On 02/27/2018 07:30 AM, Harsha Rao wrote:
On Tue, Feb 27, 2018 at 4:45 PM, Arend van Spriel
<arend.vanspr...@broadcom.com> wrote:
On 2/27/2018 11:16 AM, Harsha Rao wrote:

Hi folks,
I am developing a new wifi driver for our sdio based wifi device.

I see that SDIO_VENDOR_ID and SDIO_DEVICE_ID for our device (We had
bought the SDIO IP from 3rd party)  is already  been used by some
other vendor and its already into staging .

Please suggest me how can I move forward to submit the driver for staging.

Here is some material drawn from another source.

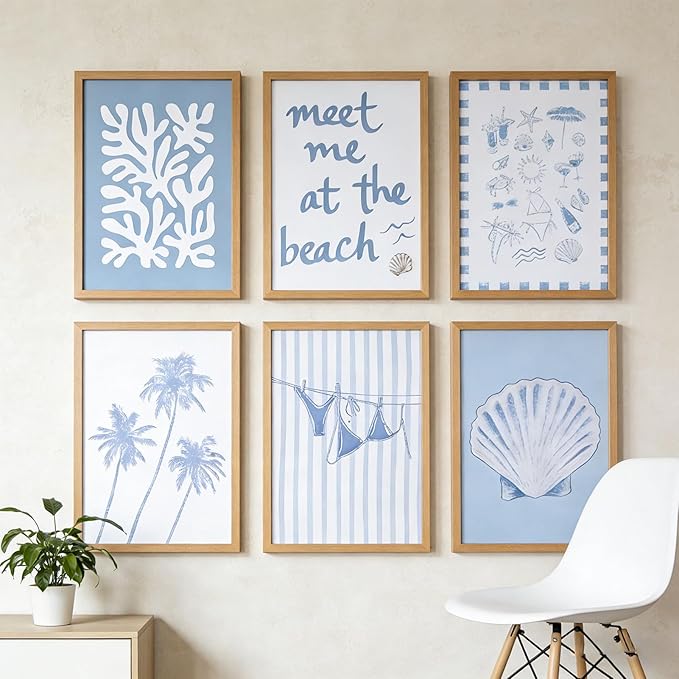 Zuowclli 6Pcs Coastal Granddaughter Wall Art Prints Blue Beachy Shell Bikini Palm Tree Wall Decor Pictures Summer Meet Me At The Beach Preppy Aesthetic Posters for Girly Bedroom Dorm Apartment 8x10in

Can you be more specific about the conflicting vendor id and device id?

Hi,
My driver kicks in  with vendor id 0x296 and device id 0x5347.
But when I grepped the the kernel source I could see an other driver
wilc1000 using the same vendor ID and device ID
( We have a different hw than them !)

Is there a way to reconfigure the values in the SDIO host for
different value or does Linux allow two drivers with same values to
survive mutual exclusively


First come first serve. When a device is detected, the driver core looks for
drivers supporting it based on device table and the first that successfully
returns from the .probe() callback is bound to the device.

Regards,
Arend

Does Linux allow two drivers with conflicting device and vendor IDs to
stay on in kernel ?

Yes. We have a similar situation with the rtl8192e driver in staging and the rtl8192se driver in the wireless tree, which share PCI ID 0bda:8192. Our solution was to insert code in the probe routine that tests some value in addition to the PCI ID. In our case, that was the PCI revision id. Line 2496 of file drivers/staging/rtl8192e/rtl8192e/rtl_core.c shows the test in the staging driver.

The downsides of this unfortunate duplication are that if the wrong driver loads first, then it remains loaded, you will need to cooperate with the maintainer of the other driver to insert the extra detection code, and you may need to do quite a bit of processing to be able to determine whether you have the correct device.